## Task objective
Give back the lines of the entries below exactly as written, from the first line to the line holding "Tarjeta postal de", both included, with the pictures omitted.

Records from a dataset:
═══

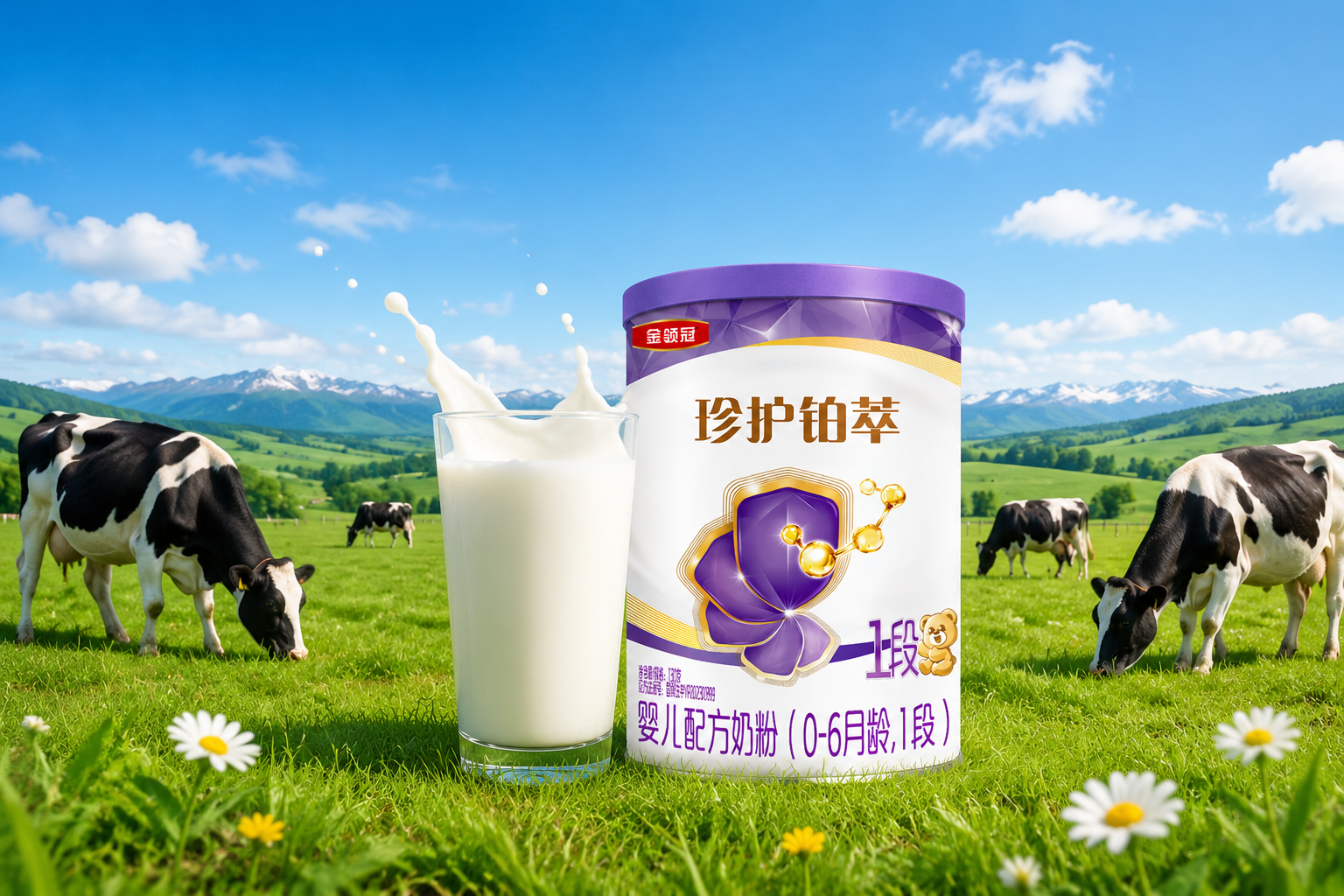 廣闊美麗的北緯40度黃金牧場(chǎng)，藍(lán)天白云下綠草如茵，幾頭健康的黑白花奶牛在悠閑吃草，畫面中央融合展示一杯純凈的鮮牛奶和奶粉罐，自然清新風(fēng)格。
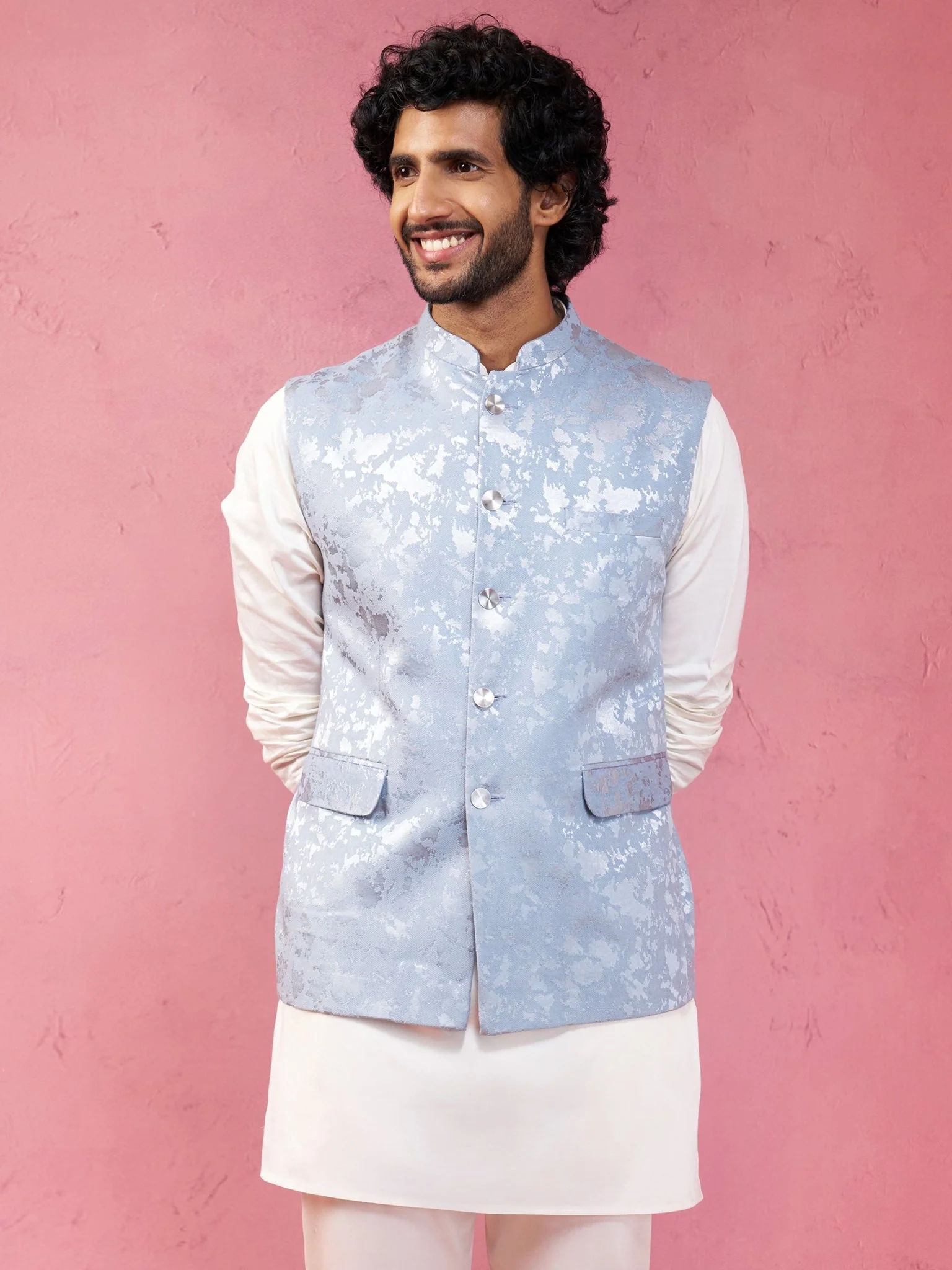 Men's Grey Monty Jacquard Nehru Jacket - Image 2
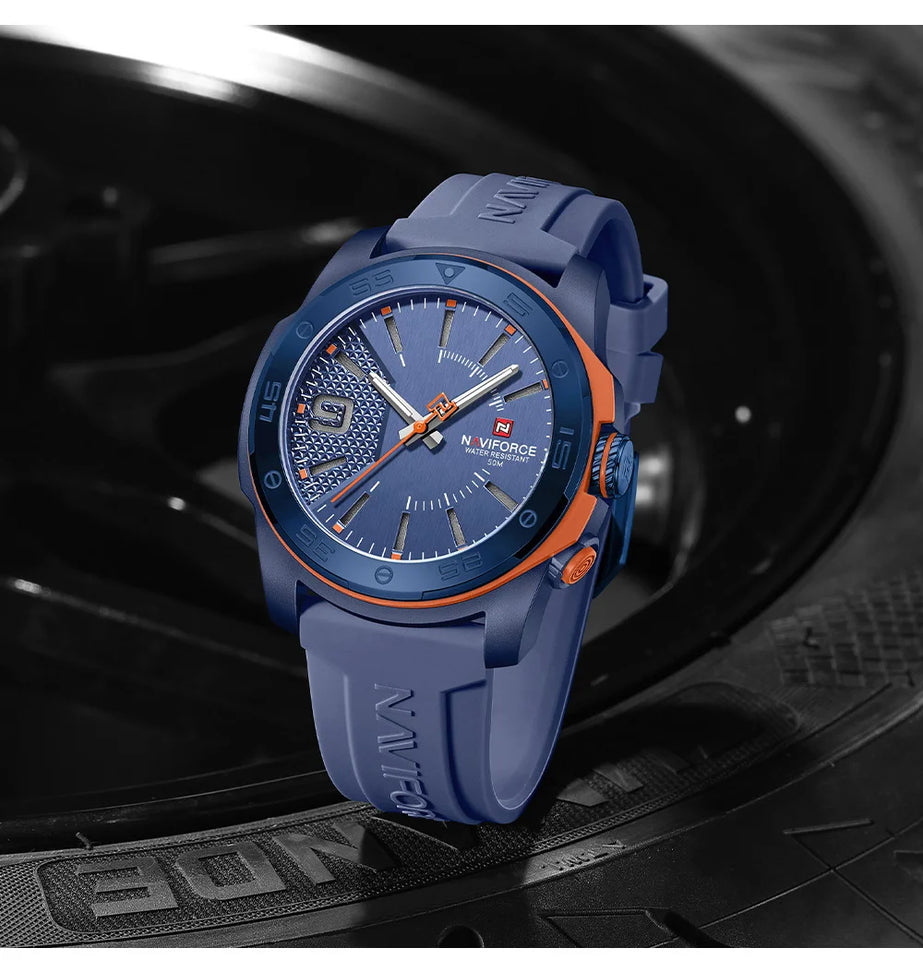 NAVIFORCE Luxury Fashion Quartz Watches for men Silicone Strap Hand Clock 50m Waterproof Japan Movement Man Sports Wristwatches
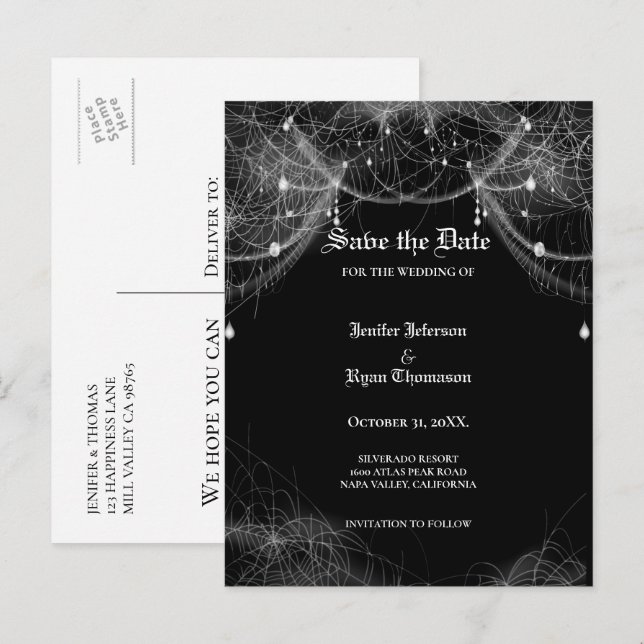 Tarjeta postal de boda de Halloween gótica para gu (Anverso / Reverso)
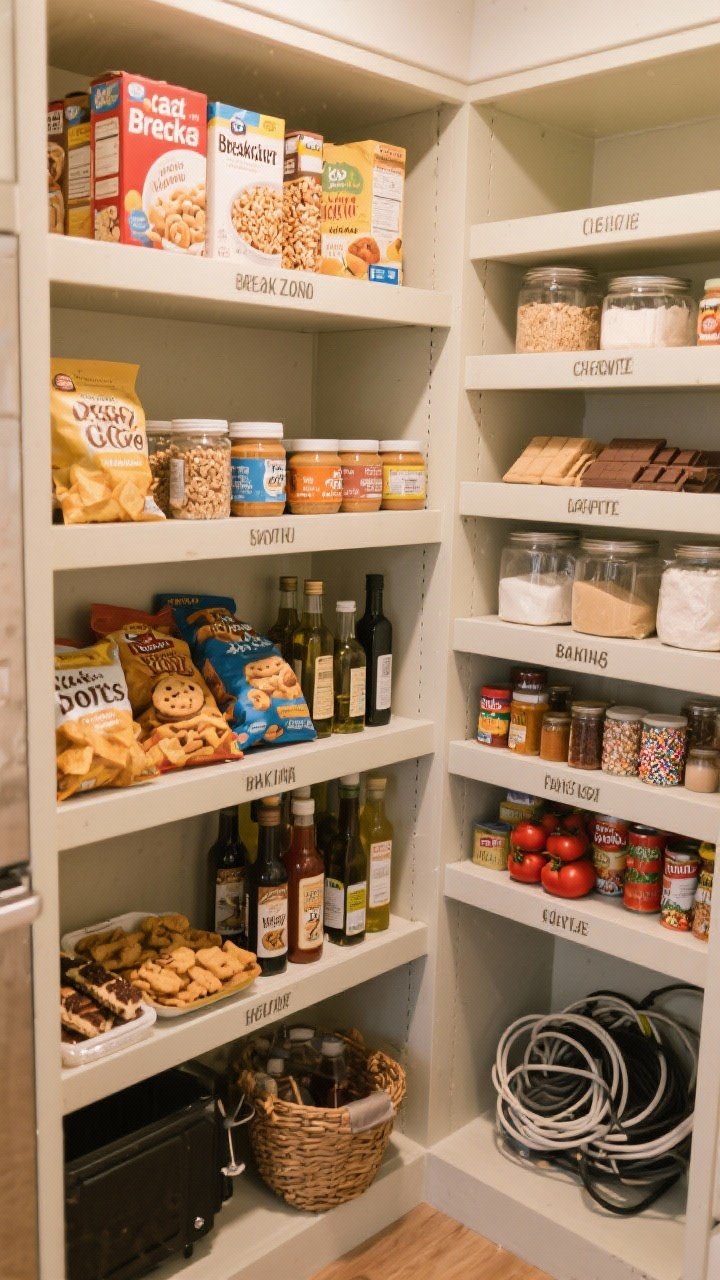 An overhead, detail-focused shot of labeled pantry shelves divided into clear zones: a breakfast zone with cereal boxes, oatmeal jars, granola, and nut butters; a snack zone at eye level with chips, cookies, and bars; a baking zone with flours, sugars, chocolate, baking powder, and sprinkles; savory essentials like oils, vinegars, spices, broths, and canned tomatoes; and an appliance parking area with cords corralled in a basket; use simple shelf dividers keeping each category in its lane; neutral shelf tones and warm light.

═══

## Exercise output
 廣闊美麗的北緯40度黃金牧場(chǎng)，藍(lán)天白云下綠草如茵，幾頭健康的黑白花奶牛在悠閑吃草，畫面中央融合展示一杯純凈的鮮牛奶和奶粉罐，自然清新風(fēng)格。
 Men's Grey Monty Jacquard Nehru Jacket - Image 2
 NAVIFORCE Luxury Fashion Quartz Watches for men Silicone Strap Hand Clock 50m Waterproof Japan Movement Man Sports Wristwatches
 Tarjeta postal de boda de Halloween gótica para gu (Anverso / Reverso)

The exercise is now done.